- _Your goal_:
Please transcribe the data exactly as shown, skipping the images.

- _The data_:

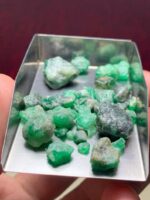 Uncut Majesty: 65.65ct Natural Swat Emerald Rough Lot - Image 6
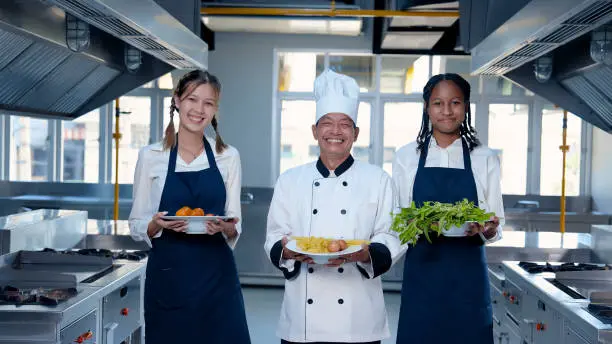 asisten koki dapur dalam persiapan makanan e2ee6e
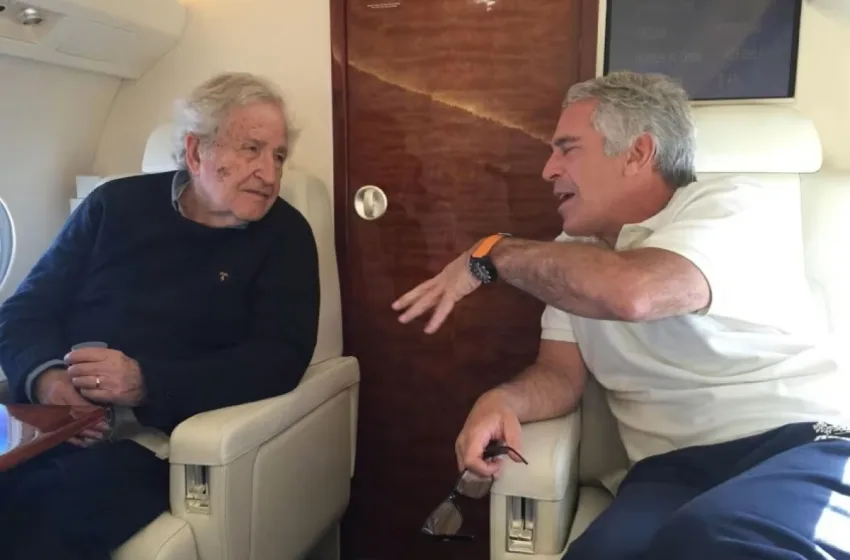  Στη δημοσιότητα νέες φωτογραφίες και ντοκουμέντα από το αρχείο Επστάιν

- _Answer to this task_:
 Uncut Majesty: 65.65ct Natural Swat Emerald Rough Lot - Image 6
 asisten koki dapur dalam persiapan makanan e2ee6e
  Στη δημοσιότητα νέες φωτογραφίες και ντοκουμέντα από το αρχείο Επστάιν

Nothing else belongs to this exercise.